▶ What is expected
Take the line containing "Van Auken, John" and every line after it to the end of the material below; reproduce them exactly, without pictures.

····················

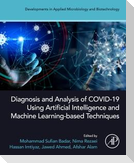 Diagnosis and Analysis of COVID-19 using Artificial Intelligence and Machine Learning-Based Techniques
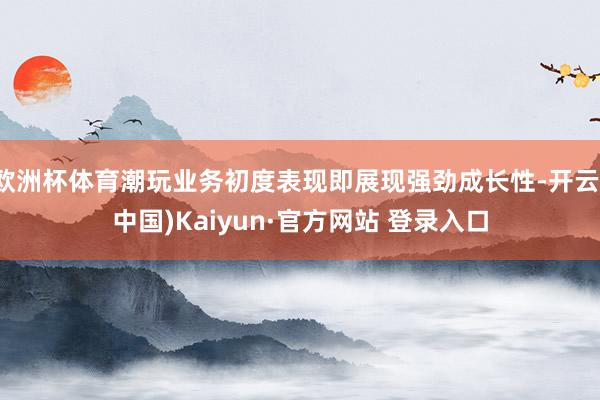 欧洲杯体育潮玩业务初度表现即展现强劲成长性-开云(中国)Kaiyun·官方网站 登录入口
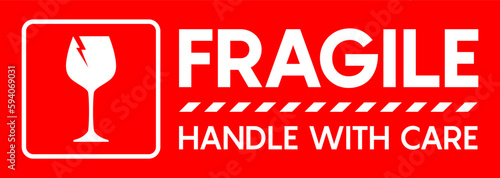 Sticker fragile handle with care, red fragile warning label, fragile label with broken glass symbol. Vector 10 eps.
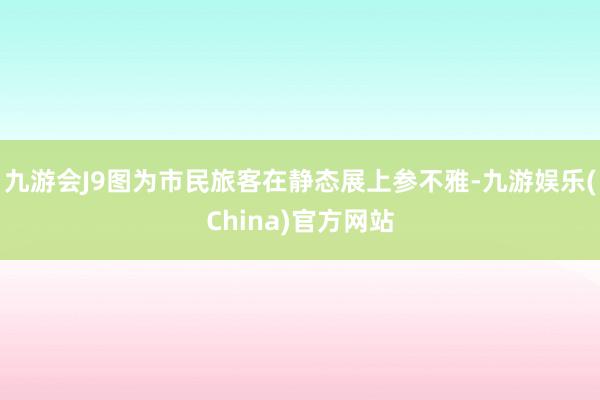 九游会J9图为市民旅客在静态展上参不雅-九游娱乐(China)官方网站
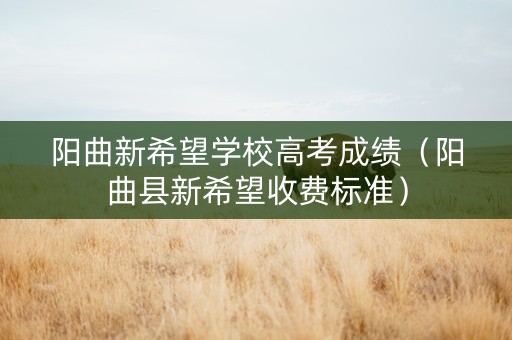 阳曲新希望学校高考成绩（阳曲县新希望收费标准）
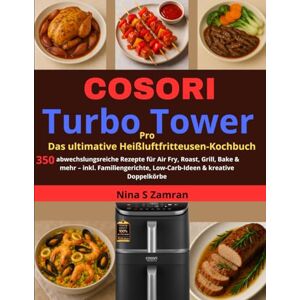 S Zamran, Nina COSORI Turbo Tower Pro – Das ultimative Heißluftfritteusen-Kochbuch: 350 abwechslungsreiche Rezepte für Air Fry, Roast, Grill, Bake & mehr – inkl. ... Low-Carb-Ideen & kreative Doppelkörbe S Zamran, Nina COSORI Turbo Tower Pro – Das ultimative Heißluftfritteusen-Kochbuch: 350 abwechslungsreiche Rezepte für Air Fry, Roast, Grill, Bake & mehr – inkl. ... Low-Carb-Ideen & kreative Doppelkörbe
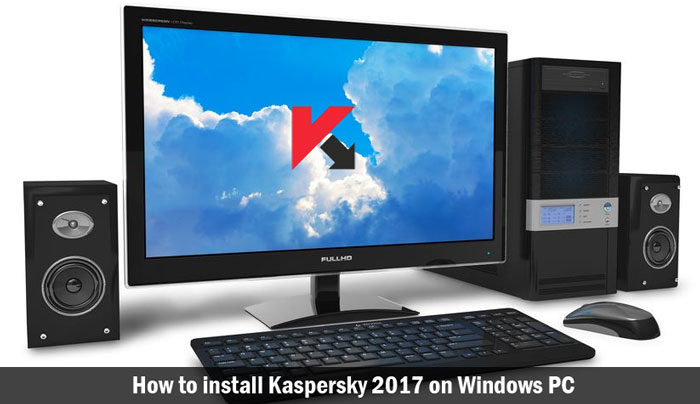 install Kaspersky 2017 on Windows PC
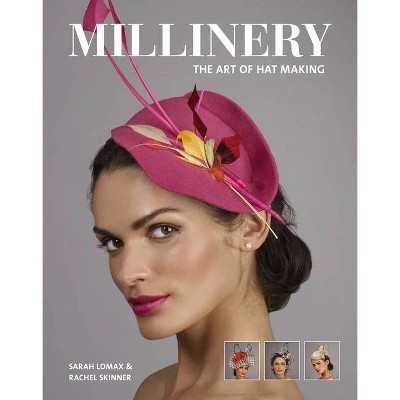 Millinery: The Art of Hat-Making - by  Sarah Lomax (Paperback)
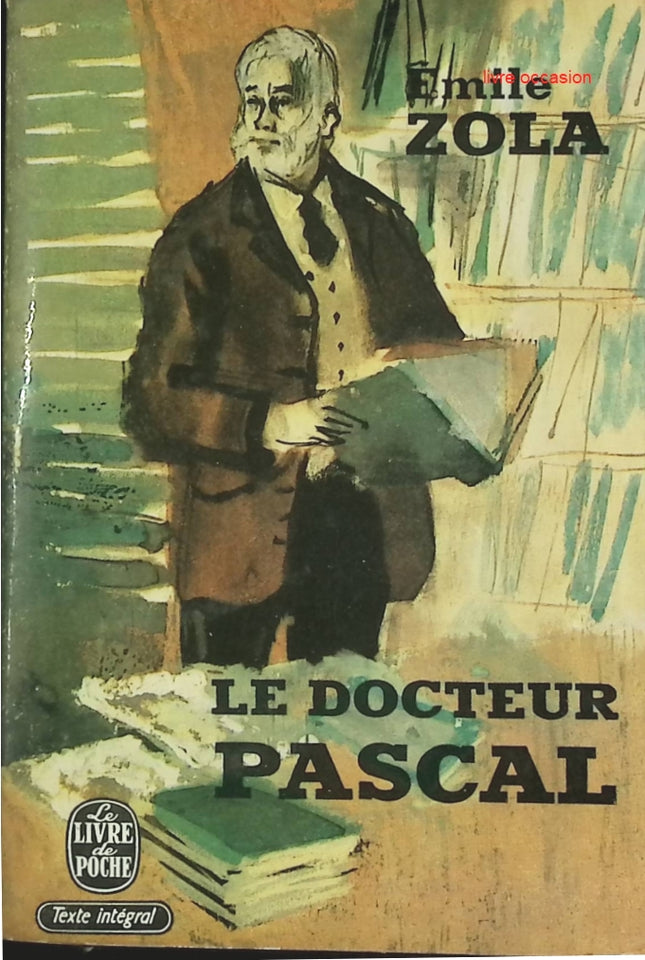 Le Docteur Pascal – Émile Zola | Roman naturaliste des Rougon-Macquart | Classique littérature française | Livre de poche d’occasion - livre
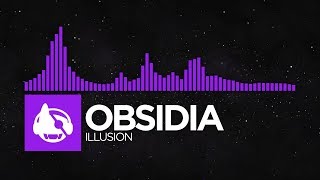 [Dubstep] - Obsidia - Illusion
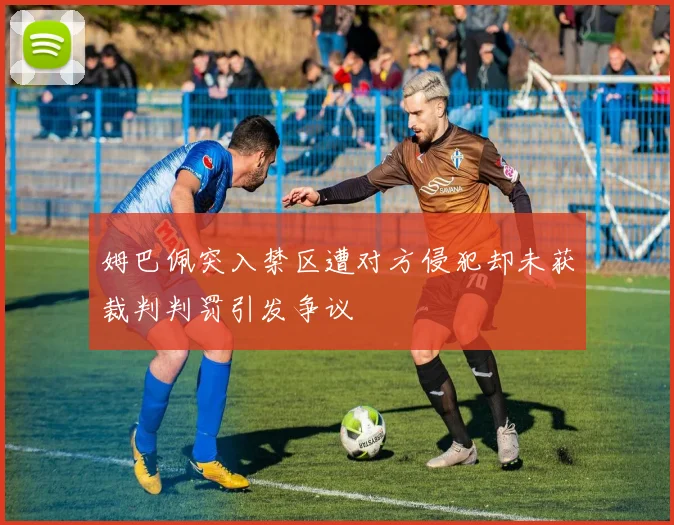 姆巴佩突入禁区遭对方侵犯却未获裁判判罚引发争议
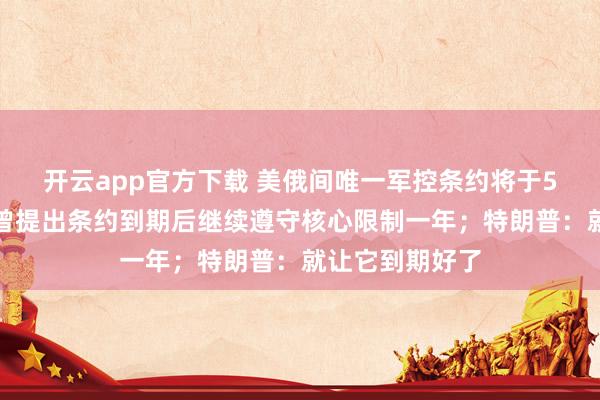 开云app官方下载 美俄间唯一军控条约将于5日失效！普京曾提出条约到期后继续遵守核心限制一年；特朗普：就让它到期好了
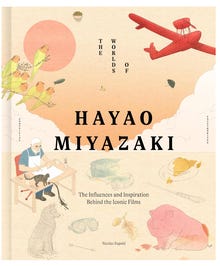 The Worlds of Hayao Miyazaki: The Influences and Inspiration Behind the Iconic Films (Hardcover)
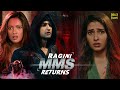 Ragini MMS Returns Full Movie Karishma Sharma Riya Sen Siddharth Gupta Hindi Movies 2024
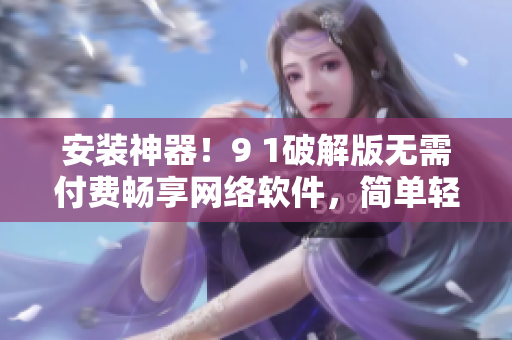 安裝神器！9 1破解版無需付費(fèi)暢享網(wǎng)絡(luò)軟件，簡(jiǎn)單輕松使用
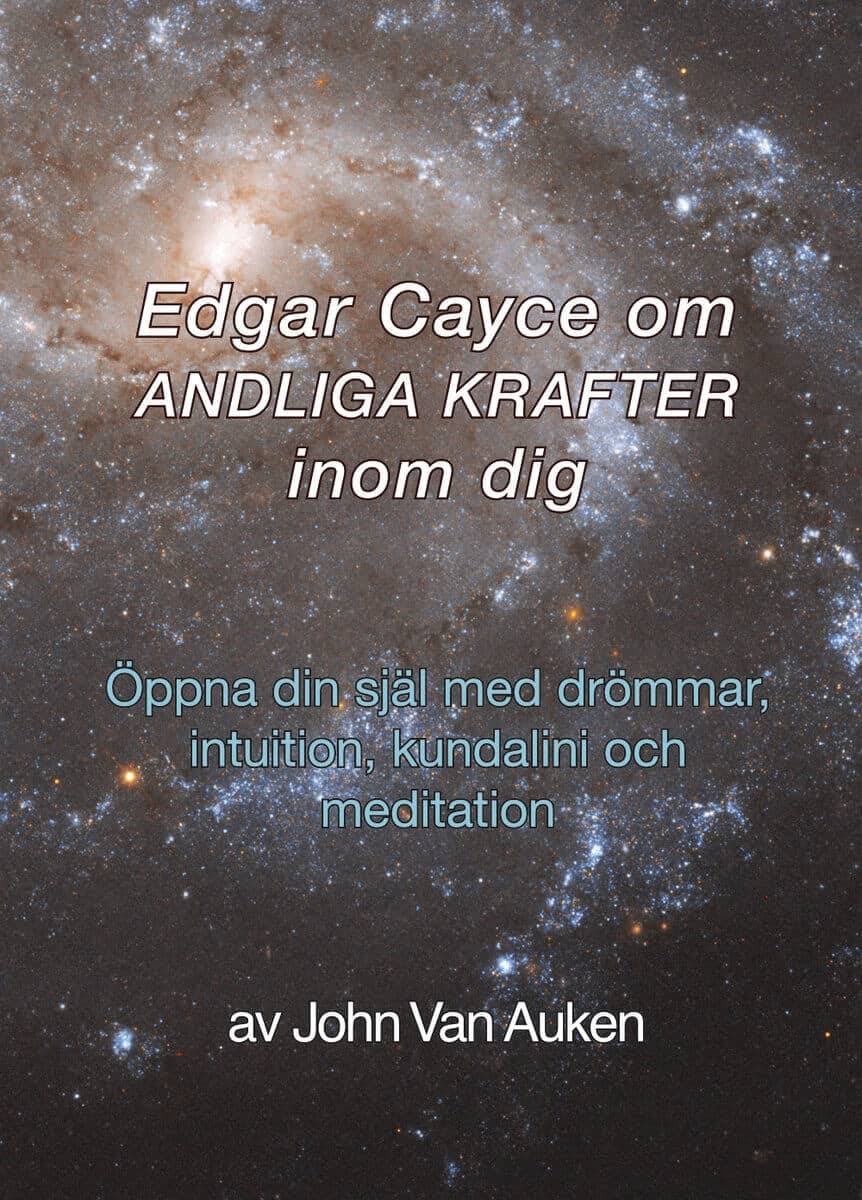 Van Auken, John | Edgar Cayce om andliga krafter inom dig : Öppna din själ med drömmar, intuition, kundalini och meditation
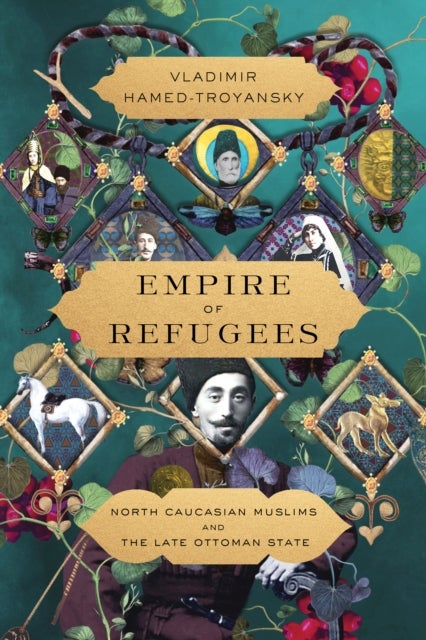 Empire of Refugees - North Caucasian Muslims and the Late Ottoman State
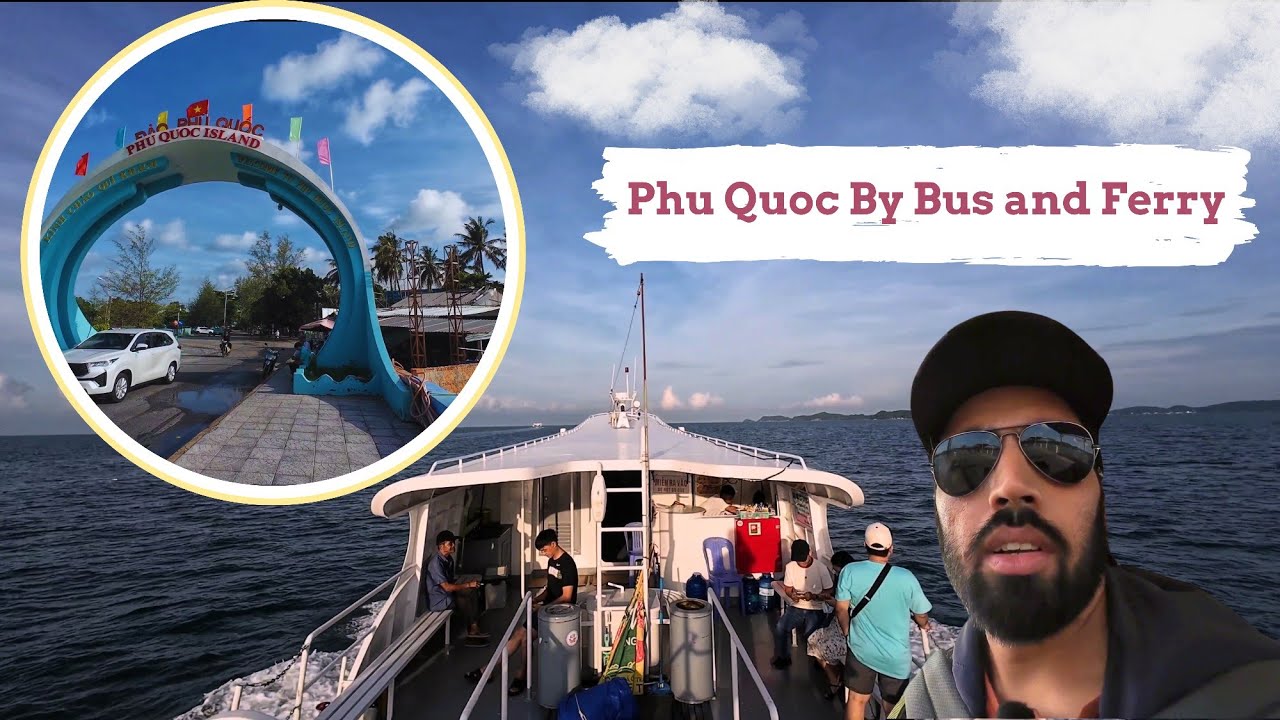 Bus To Paradise : Ho Chi Minh To Phu Quoc  🚌⛴️( World' s 2nd Most Beautiful Island! ) 🇻🇳🏝️⛱️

····················

▶ Result of the task
 Van Auken, John | Edgar Cayce om andliga krafter inom dig : Öppna din själ med drömmar, intuition, kundalini och meditation
 Empire of Refugees - North Caucasian Muslims and the Late Ottoman State
 Bus To Paradise : Ho Chi Minh To Phu Quoc  🚌⛴️( World' s 2nd Most Beautiful Island! ) 🇻🇳🏝️⛱️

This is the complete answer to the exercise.